150,000 Ordered to Evacuate in Japan Flooding

TOKYO  (dpa/TNS) —
People wait for help in a flooded street in Joso, Ibaraki prefecture, northeast of Tokyo, on Thursday.  (Kyodo News via AP)
People wait for help in a flooded street in Joso, Ibaraki prefecture, northeast of Tokyo, on Thursday. (Kyodo News via AP)

Some 150,000 people were ordered to evacuate their homes Thursday as torrential rains, flooding and mudslides hit eastern Japan, local media reported.

Ten people were reported to be missing, including at least nine residents who were swept away after the Kinugawa River breached its banks in Joso, a city 25 miles northeast of Tokyo.

The floodwaters inundated hundreds of houses and left about 200 residents stranded, news agency Jiji Press reported, citing local authorities.

One woman was missing after mudslides triggered by heavy rain struck her house in the city of Kanuma, broadcaster NHK said.

About 100 people in the region have been rescued by helicopter, Jiji said.

Footage showed a bridge washed away by a swollen river in the northeastern town of Minami Aizu, and some houses swept away in Kanuma.

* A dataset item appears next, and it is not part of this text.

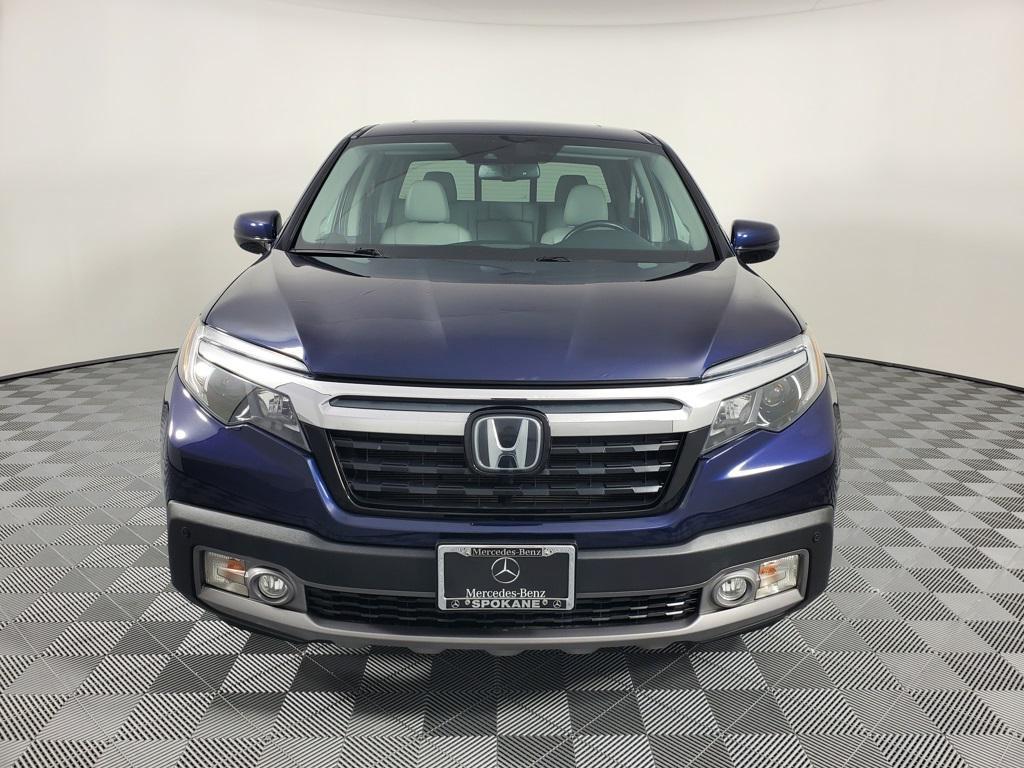 used 2020 Honda Ridgeline car, priced at $29,283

In the city of Nikko, north of Tokyo, one man was feared dead after he fell into a ditch and suffered “cardiopulmonary arrest,” broadcaster NHK reported.

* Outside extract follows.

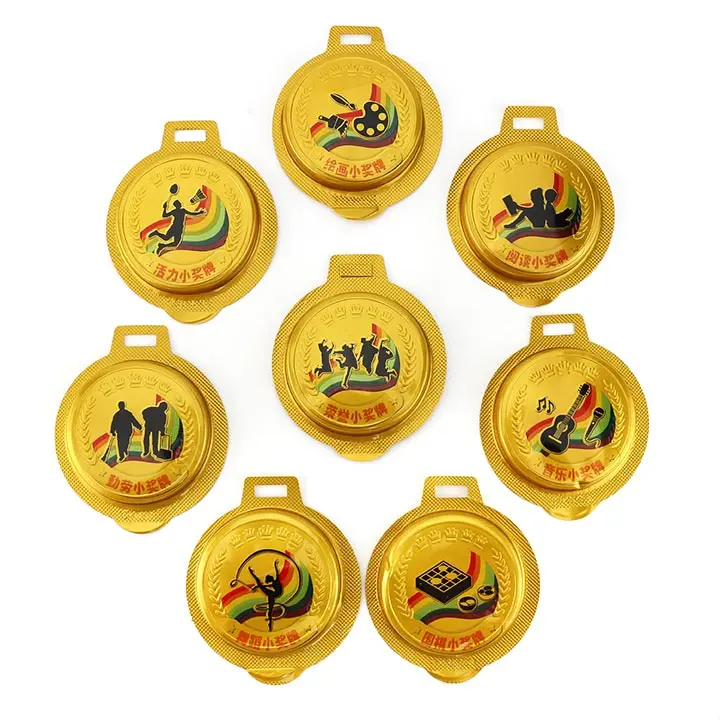 medal soft candy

The total rainfall since Monday was more than 23 inches in the city, a level not seen in decades, the Japan Meteorological Agency said.

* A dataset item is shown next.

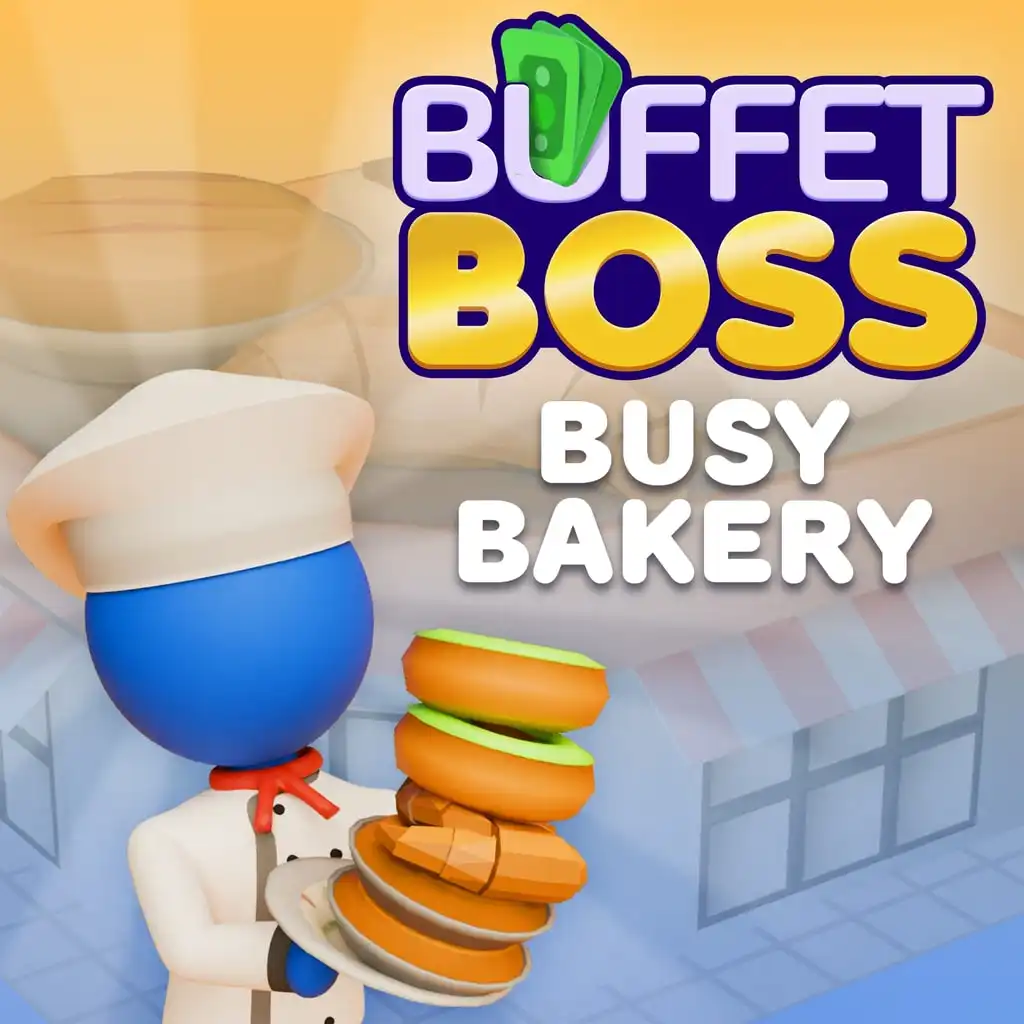 Buffet Boss: Busy Bakery — Buffet Boss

The region “is facing an imminent grave danger,” Takuya Deshimaru, a meteorological agency official, told a news conference Thursday, referring to the prefectures of Ibaraki and Tochigi.

The agency was warning of further mudslides and swollen rivers in eastern and northeastern Japan, with heavy rain pounding the region even after Typhoon Etau weakened into an extratropical depression late Wednesday.

The season’s 18th typhoon hit central Japan on Wednesday, injuring 11 people.